La sede della Pro Loco di Fondi

Il Comitato “No al forno crematorio” di Fondi interviene sulla recente delibera approvata dalla Regione Lazio che introduce una regolamentazione per gli impianti di cremazione. Una misura che, secondo le prime indiscrezioni, dovrebbe fermare la realizzazione di nuovi forni, incluso quello previsto nella città pontina.
Un provvedimento che viene accolto con favore, almeno sul piano generale, ma che non spegne le polemiche. Il Comitato, infatti, solleva diversi interrogativi sia sulle scelte passate sia sul mancato coinvolgimento dei cittadini nel percorso decisionale.
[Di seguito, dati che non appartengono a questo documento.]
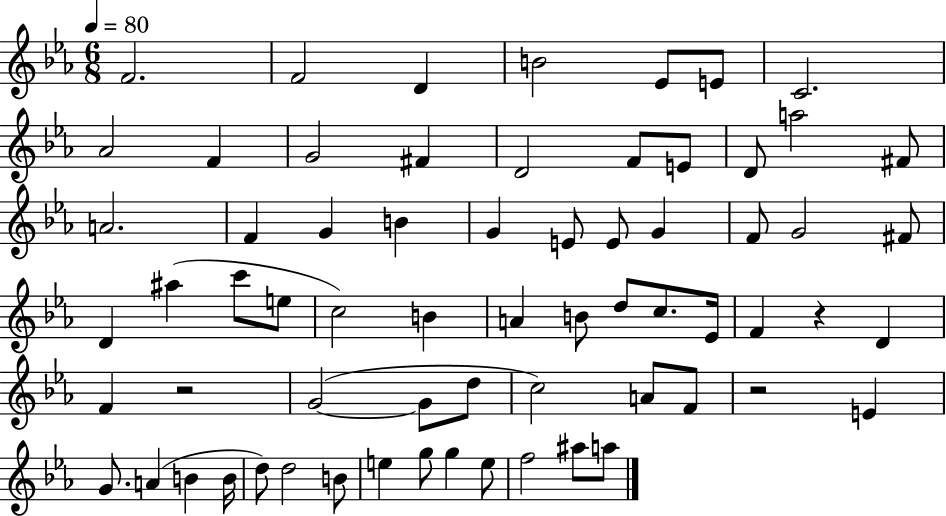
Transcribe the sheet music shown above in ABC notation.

X:1
T:Untitled
M:6/8
L:1/4
K:Eb
F2 F2 D B2 _E/2 E/2 C2 _A2 F G2 ^F D2 F/2 E/2 D/2 a2 ^F/2 A2 F G B G E/2 E/2 G F/2 G2 ^F/2 D ^a c'/2 e/2 c2 B A B/2 d/2 c/2 _E/4 F z D F z2 G2 G/2 d/2 c2 A/2 F/2 z2 E G/2 A B B/4 d/2 d2 B/2 e g/2 g e/2 f2 ^a/2 a/2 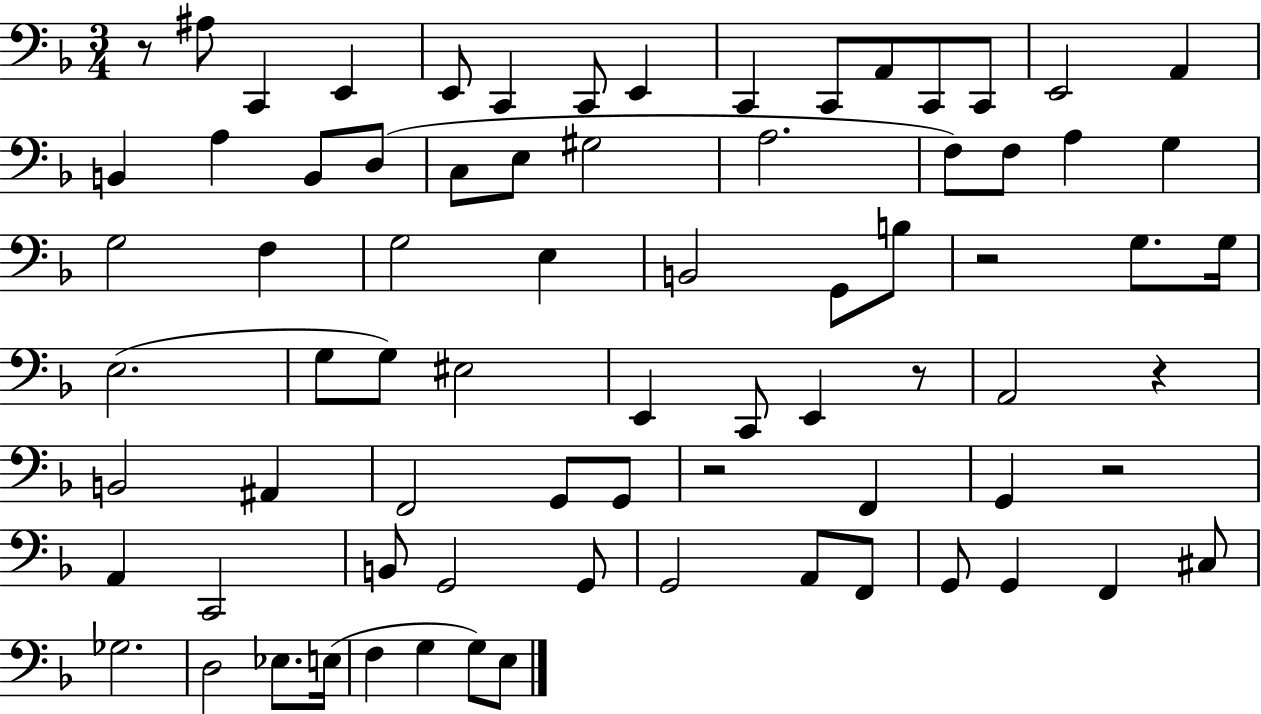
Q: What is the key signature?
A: F major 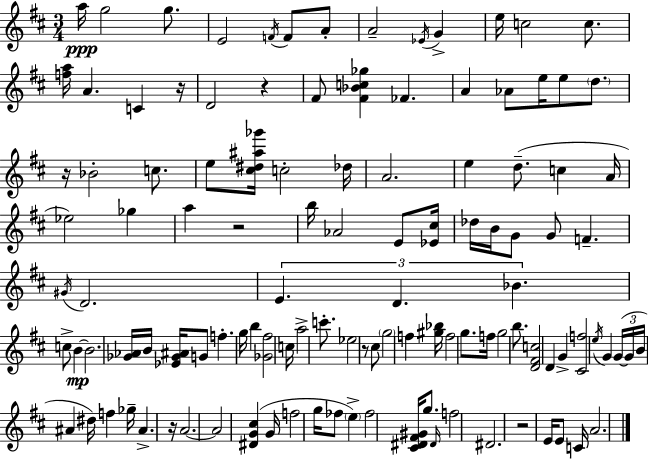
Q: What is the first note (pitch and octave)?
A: A5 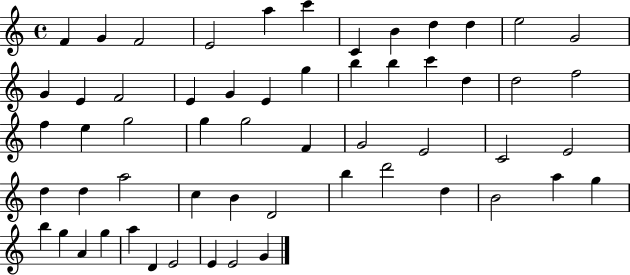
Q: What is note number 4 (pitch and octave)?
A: E4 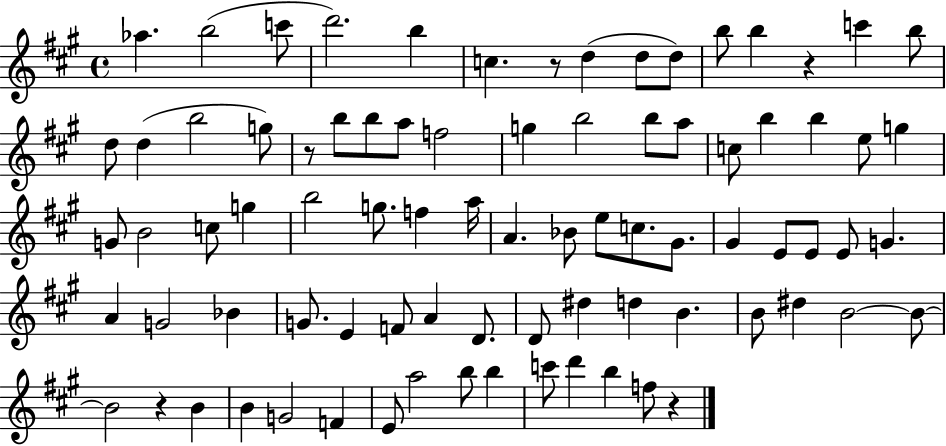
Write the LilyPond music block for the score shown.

{
  \clef treble
  \time 4/4
  \defaultTimeSignature
  \key a \major
  \repeat volta 2 { aes''4. b''2( c'''8 | d'''2.) b''4 | c''4. r8 d''4( d''8 d''8) | b''8 b''4 r4 c'''4 b''8 | \break d''8 d''4( b''2 g''8) | r8 b''8 b''8 a''8 f''2 | g''4 b''2 b''8 a''8 | c''8 b''4 b''4 e''8 g''4 | \break g'8 b'2 c''8 g''4 | b''2 g''8. f''4 a''16 | a'4. bes'8 e''8 c''8. gis'8. | gis'4 e'8 e'8 e'8 g'4. | \break a'4 g'2 bes'4 | g'8. e'4 f'8 a'4 d'8. | d'8 dis''4 d''4 b'4. | b'8 dis''4 b'2~~ b'8~~ | \break b'2 r4 b'4 | b'4 g'2 f'4 | e'8 a''2 b''8 b''4 | c'''8 d'''4 b''4 f''8 r4 | \break } \bar "|."
} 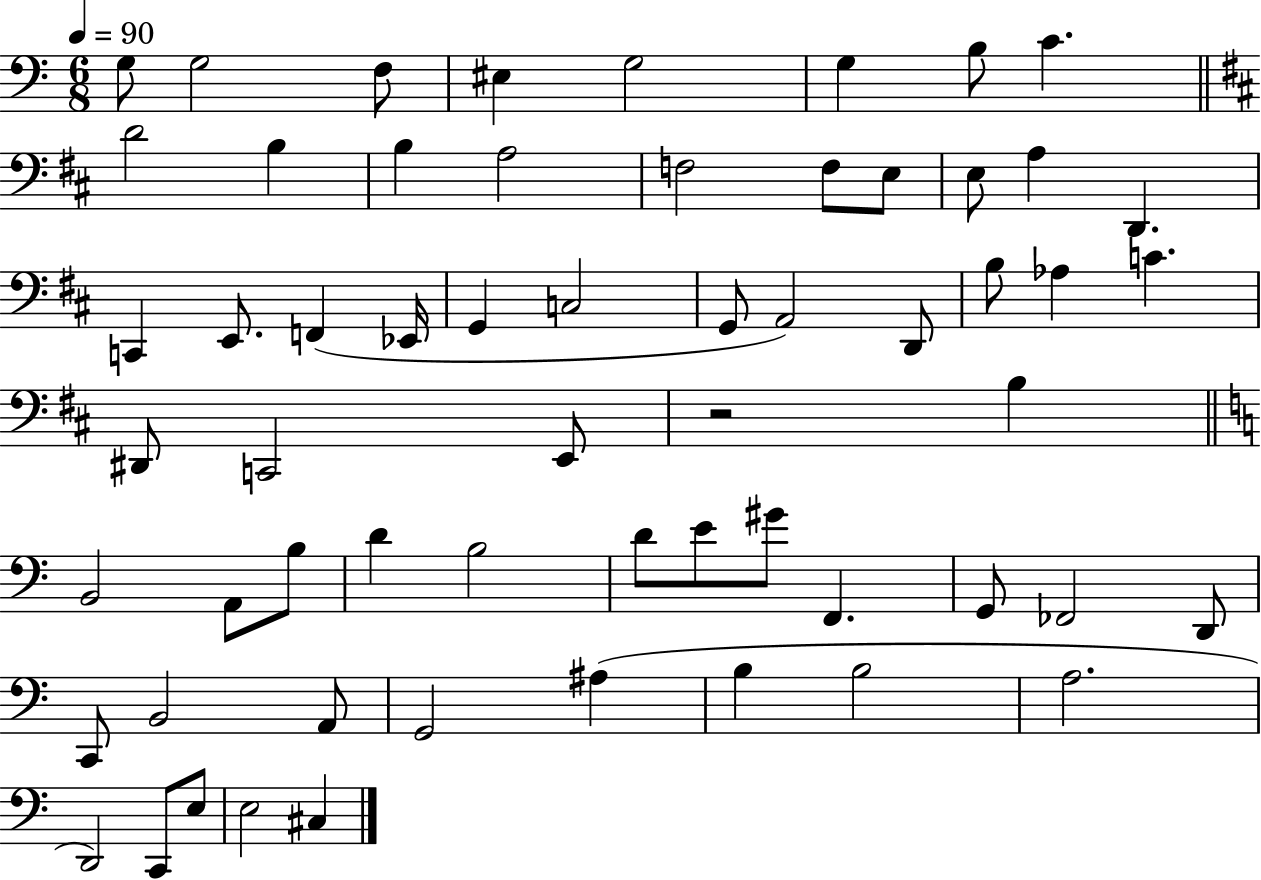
{
  \clef bass
  \numericTimeSignature
  \time 6/8
  \key c \major
  \tempo 4 = 90
  g8 g2 f8 | eis4 g2 | g4 b8 c'4. | \bar "||" \break \key d \major d'2 b4 | b4 a2 | f2 f8 e8 | e8 a4 d,4. | \break c,4 e,8. f,4( ees,16 | g,4 c2 | g,8 a,2) d,8 | b8 aes4 c'4. | \break dis,8 c,2 e,8 | r2 b4 | \bar "||" \break \key c \major b,2 a,8 b8 | d'4 b2 | d'8 e'8 gis'8 f,4. | g,8 fes,2 d,8 | \break c,8 b,2 a,8 | g,2 ais4( | b4 b2 | a2. | \break d,2) c,8 e8 | e2 cis4 | \bar "|."
} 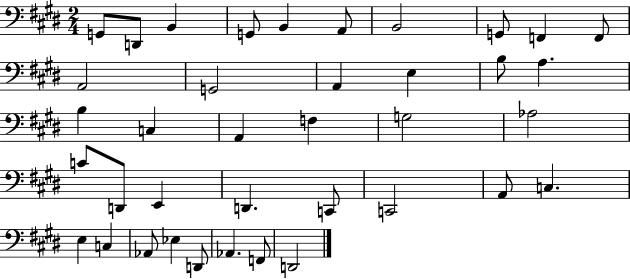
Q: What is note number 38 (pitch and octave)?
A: D2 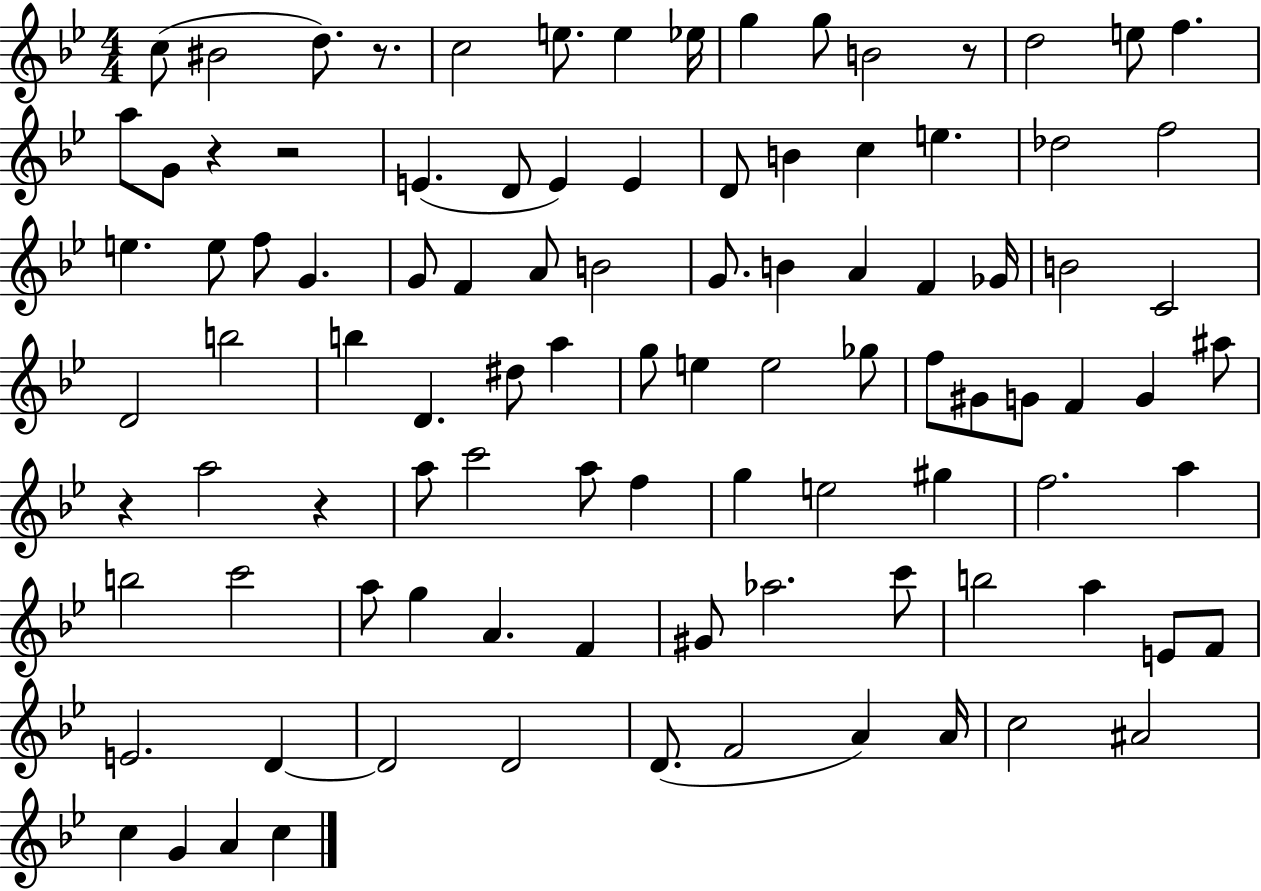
C5/e BIS4/h D5/e. R/e. C5/h E5/e. E5/q Eb5/s G5/q G5/e B4/h R/e D5/h E5/e F5/q. A5/e G4/e R/q R/h E4/q. D4/e E4/q E4/q D4/e B4/q C5/q E5/q. Db5/h F5/h E5/q. E5/e F5/e G4/q. G4/e F4/q A4/e B4/h G4/e. B4/q A4/q F4/q Gb4/s B4/h C4/h D4/h B5/h B5/q D4/q. D#5/e A5/q G5/e E5/q E5/h Gb5/e F5/e G#4/e G4/e F4/q G4/q A#5/e R/q A5/h R/q A5/e C6/h A5/e F5/q G5/q E5/h G#5/q F5/h. A5/q B5/h C6/h A5/e G5/q A4/q. F4/q G#4/e Ab5/h. C6/e B5/h A5/q E4/e F4/e E4/h. D4/q D4/h D4/h D4/e. F4/h A4/q A4/s C5/h A#4/h C5/q G4/q A4/q C5/q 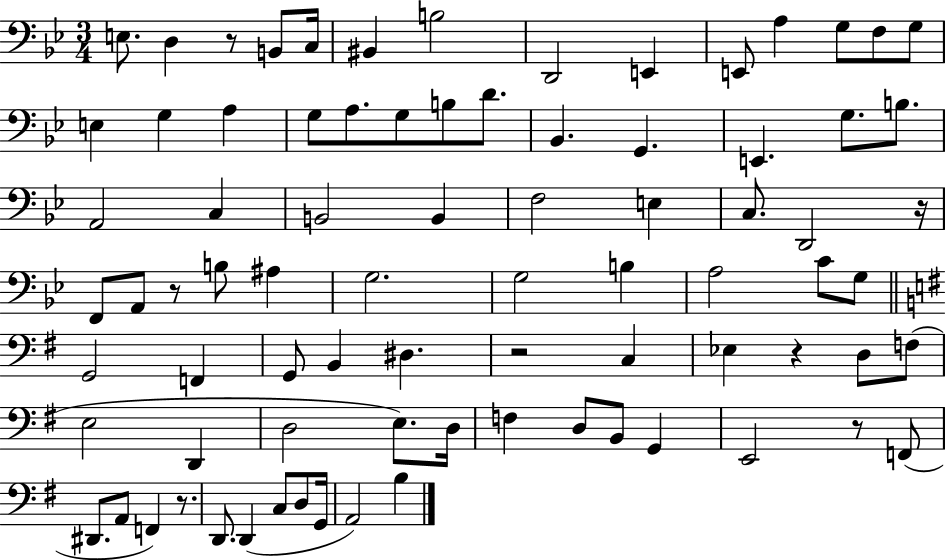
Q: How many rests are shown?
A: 7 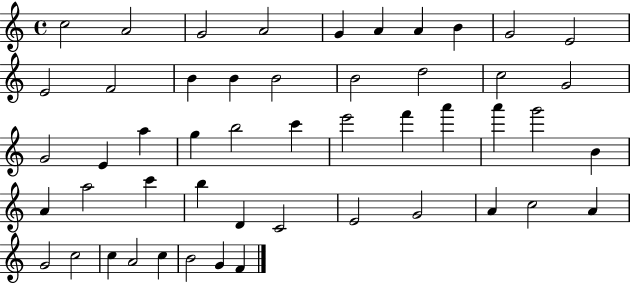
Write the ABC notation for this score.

X:1
T:Untitled
M:4/4
L:1/4
K:C
c2 A2 G2 A2 G A A B G2 E2 E2 F2 B B B2 B2 d2 c2 G2 G2 E a g b2 c' e'2 f' a' a' g'2 B A a2 c' b D C2 E2 G2 A c2 A G2 c2 c A2 c B2 G F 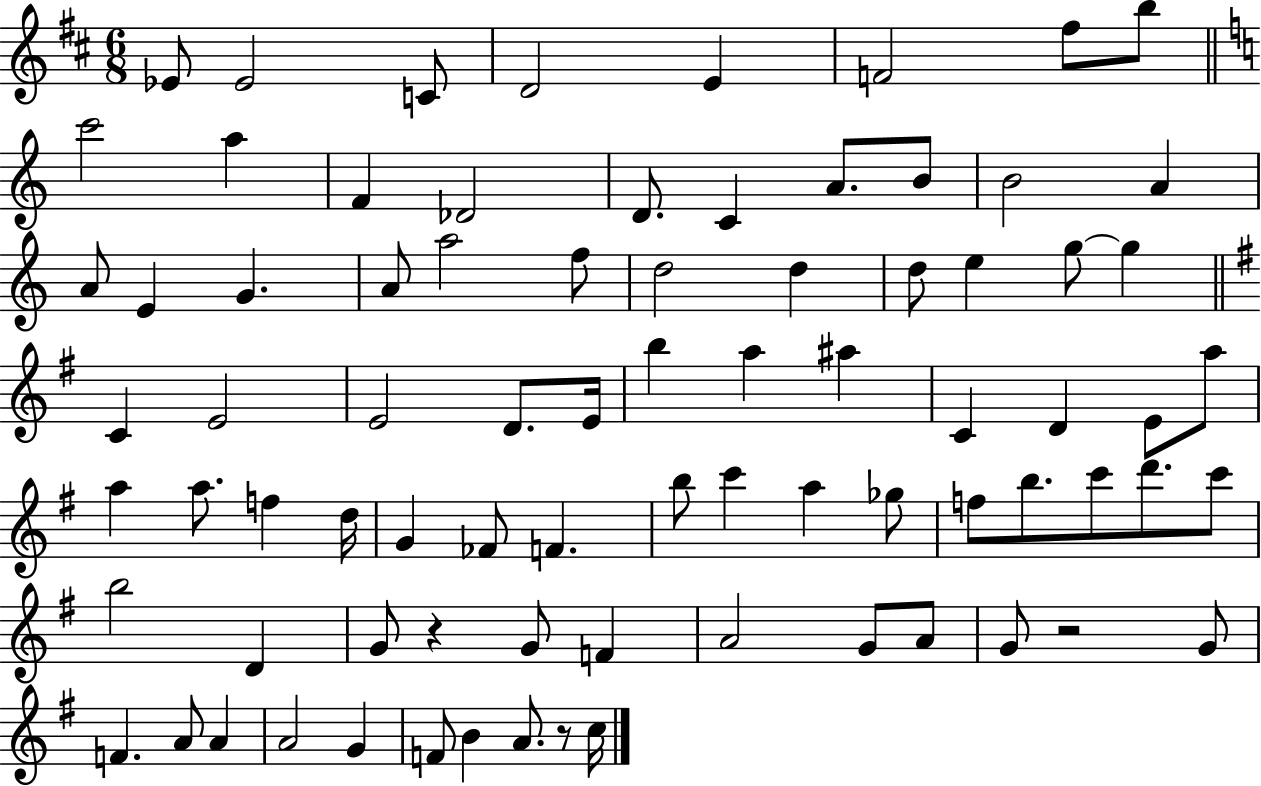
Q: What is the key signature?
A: D major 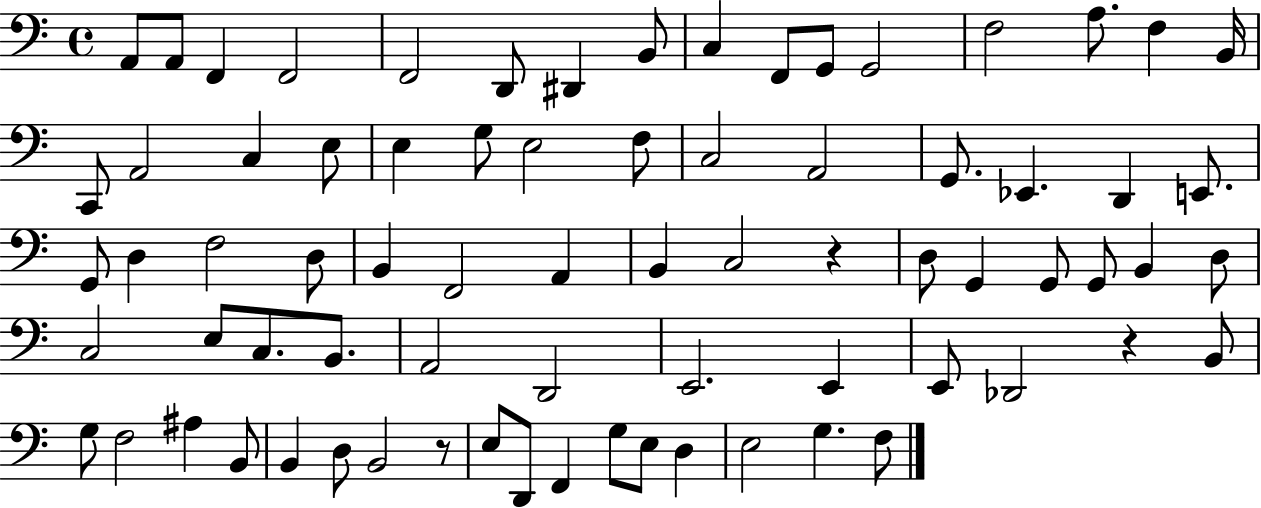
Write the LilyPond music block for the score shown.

{
  \clef bass
  \time 4/4
  \defaultTimeSignature
  \key c \major
  a,8 a,8 f,4 f,2 | f,2 d,8 dis,4 b,8 | c4 f,8 g,8 g,2 | f2 a8. f4 b,16 | \break c,8 a,2 c4 e8 | e4 g8 e2 f8 | c2 a,2 | g,8. ees,4. d,4 e,8. | \break g,8 d4 f2 d8 | b,4 f,2 a,4 | b,4 c2 r4 | d8 g,4 g,8 g,8 b,4 d8 | \break c2 e8 c8. b,8. | a,2 d,2 | e,2. e,4 | e,8 des,2 r4 b,8 | \break g8 f2 ais4 b,8 | b,4 d8 b,2 r8 | e8 d,8 f,4 g8 e8 d4 | e2 g4. f8 | \break \bar "|."
}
«Abbiamo appreso che la Regione Lazio ha approvato, con delibera di Giunta, un piano di regolamentazione dei forni crematori. Attendiamo di prendere visione del testo ufficiale, ma stando alle informazioni in nostro possesso, il provvedimento dovrebbe bloccare la costruzione di nuovi impianti, compreso quello di Fondi.
Una buona notizia, in linea di principio. Tuttavia, alcune considerazioni sono d’obbligo.
Ci chiediamo innanzitutto perché l’impianto di Montasola sia stato costruito nonostante la sospensione disposta due anni fa dall’assessore Righini: un paese di 398 abitanti si ritrova oggi con un impianto da quasi 10.000 cremazioni l’anno. Ci chiediamo inoltre perché i comitati di Mentana, Montasola e Fondi non siano mai stati ricevuti in Regione, sprecando così l’occasione di un confronto con i cittadini. Ricordiamo che il presidente Rocca e la Giunta rappresentano tutti i cittadini, non una parte politica. Anche l’assessore Palazzo ha mancato ogni occasione di incontro, compresa la sua visita a Fondi, dove era presente una nutrita rappresentanza del Comitato.
Siamo comunque soddisfatti che si sia giunti a un Piano Regionale, sebbene con 26 anni di ritardo e dopo che giunte di ogni colore politico avevano ignorato il problema. Lo valuteremo non appena reso pubblico — ad oggi nessun comitato ne conosce il contenuto.
Il merito di aver sollevato e portato all’attenzione nazionale questa questione spetta ai comitati di Fondi, Montasola e Mentana. Prima ignorati, poi accusati di agire contro la città, abbiamo infine ottenuto che la volontà dei cittadini prevalesse sull’imposizione dall’alto di un impianto privo di benefici per la comunità e rispondente a soli interessi privati».
Nel frattempo, il Comitato resta in attesa della pubblicazione ufficiale del piano regionale per analizzarne nel dettaglio contenuti e ricadute sul territorio, ribadendo la volontà di continuare a vigilare sull’iter relativo all’impianto di Fondi.

Sul tema interviene anche la candidata sindaca di Fratelli d’Italia, Annarita Del Sole:”Il provvedimento non si limita a bloccare nuove strutture, ma introduce standard rigorosi per il monitoraggio e il controllo delle emissioni per gli impianti esistenti, a tutela dell’ambiente e della qualità dell’aria. È un approccio basato sulla responsabilità e sui dati tecnici forniti da ARPA Lazio, non su semplici prese di posizione ideologiche.”